# Study material:
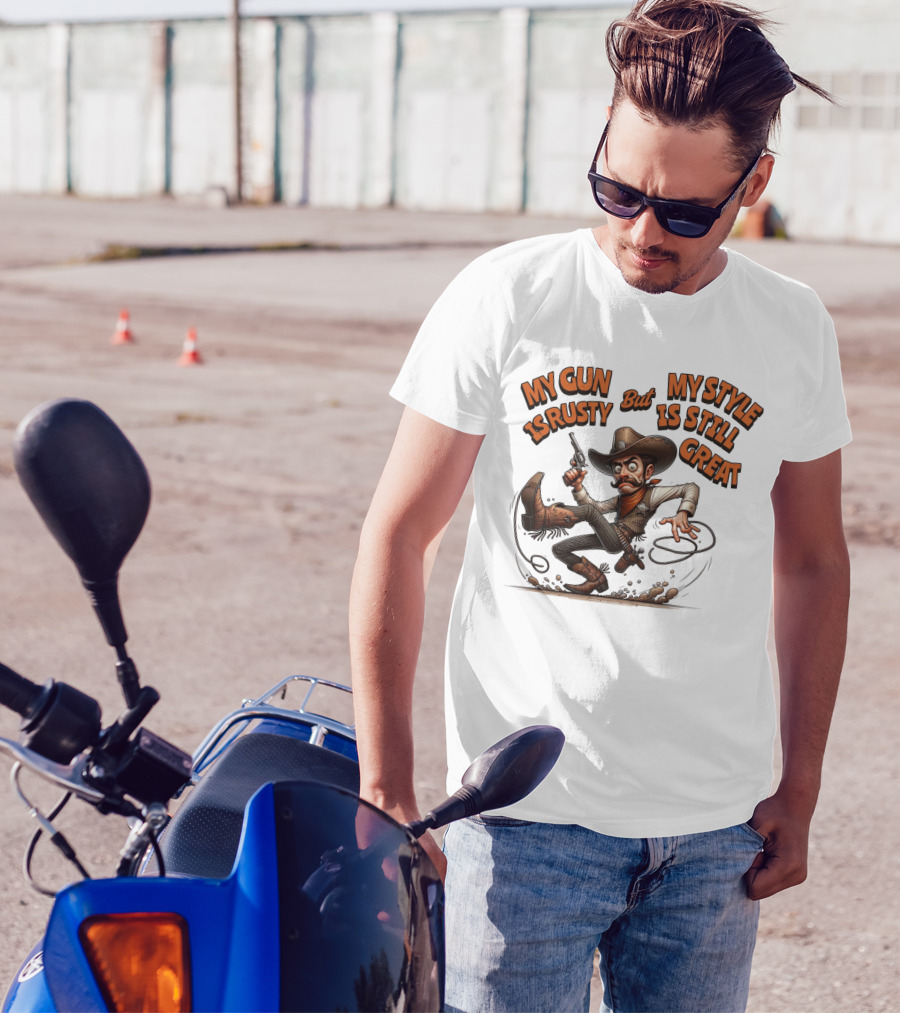 My Gun Is Rusty But My Style Is Still Great Cowboy Cartoon T-Shirt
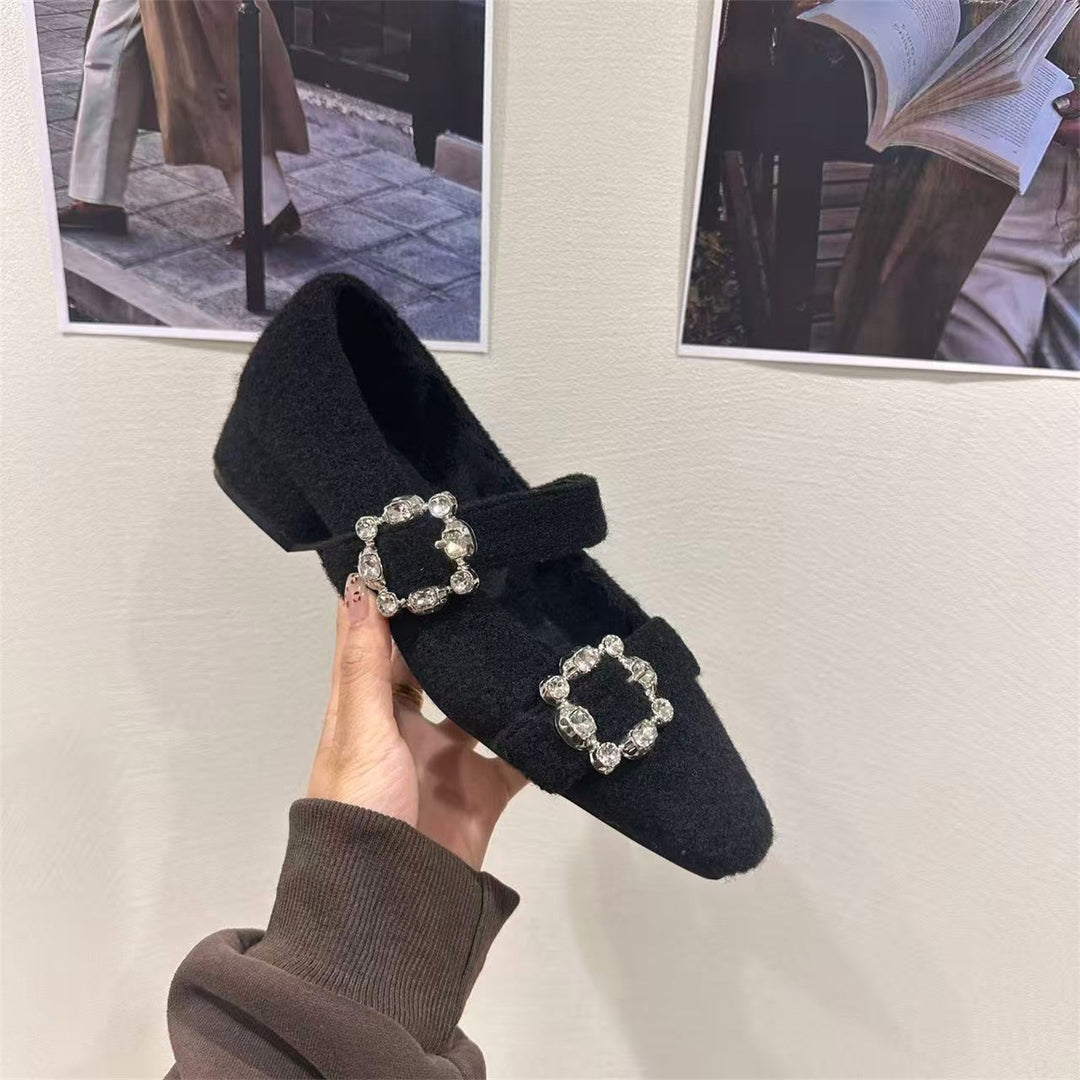Damen elegante Filz-Mary Jane Schuhe mit schimmernden Schnallen EB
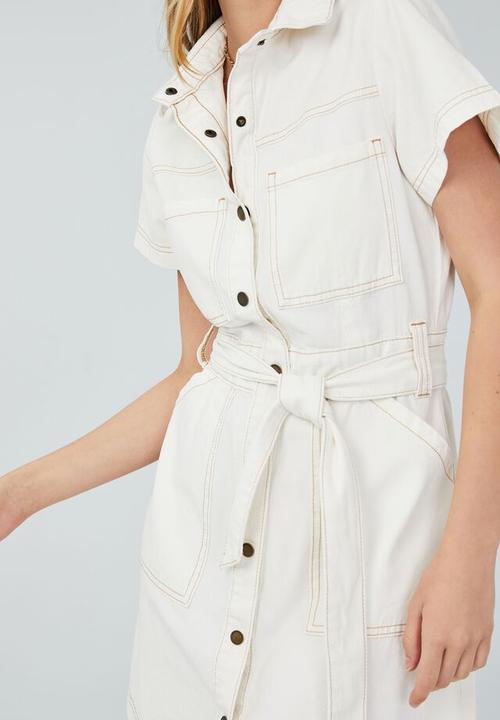 Cotton On - Utility mini dress - ecru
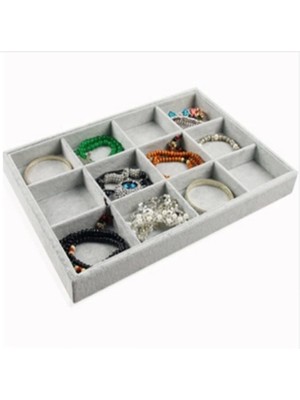 About The Perfect Gri Renkli 12 Bölmeli Süet Takı Sergileme Çekmecesi Iç Standı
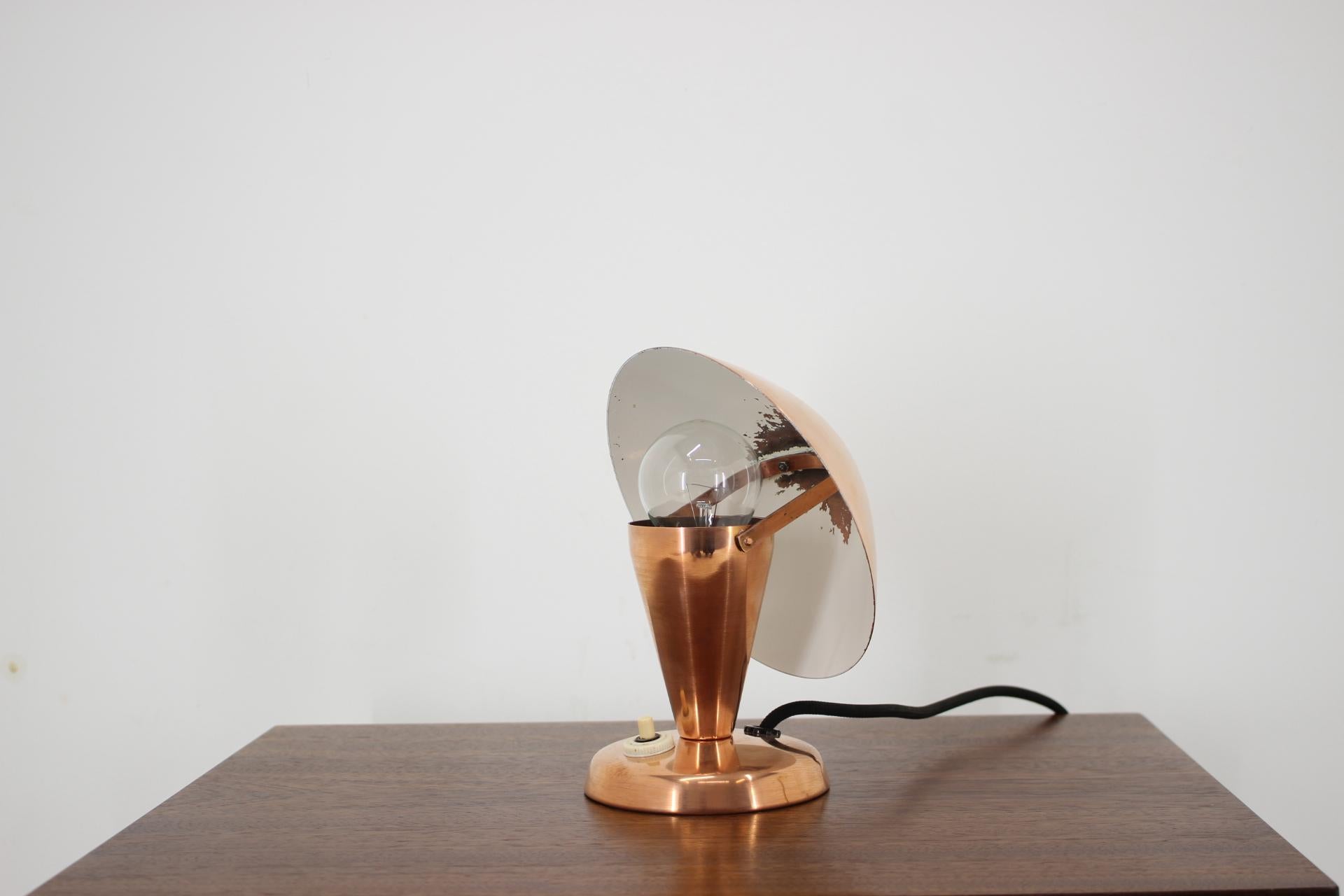 1930s Bauhaus Copper Small Table Lamp, Czechoslovakia 1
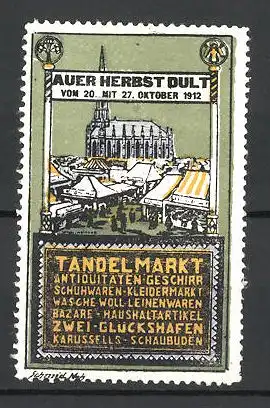 Reklamemarke München, Auer Herbst-Dult 1912, Tandelmarkt und Kirche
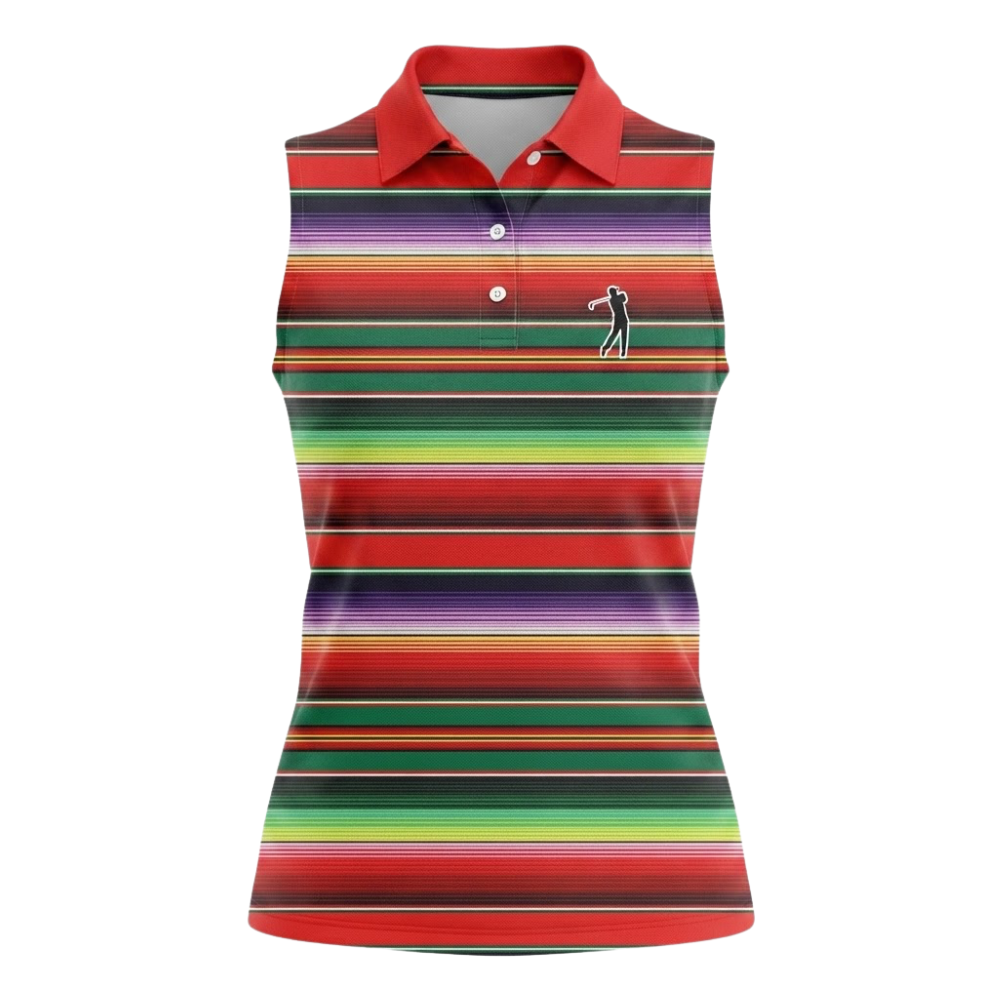 Women's Multicolor Stripes Sleeveless Golf Shirt, Womens Stripe Golf Shirts GZ0322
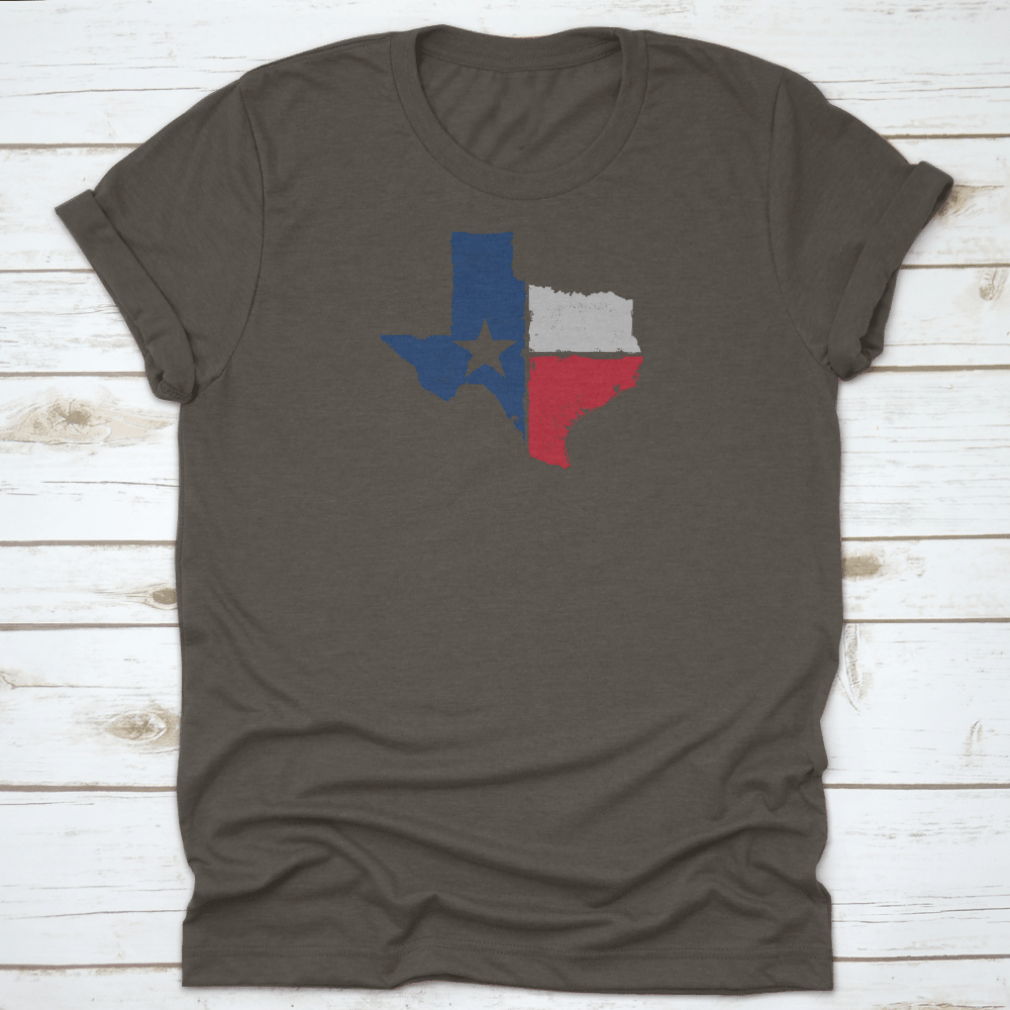 Distressed Texture Texas State Icon design on a comfortable cotton t-shirt, showcasing Texas pride.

# Task objective:
Reproduce the listing above only between the lines holding "Damen elegante Filz-Mary" and "1930s Bauhaus Copper", inclusive. Every line must match exactly, and pictures are dropped.

# Response to this task:
Damen elegante Filz-Mary Jane Schuhe mit schimmernden Schnallen EB
 Cotton On - Utility mini dress - ecru
 About The Perfect Gri Renkli 12 Bölmeli Süet Takı Sergileme Çekmecesi Iç Standı
 1930s Bauhaus Copper Small Table Lamp, Czechoslovakia 1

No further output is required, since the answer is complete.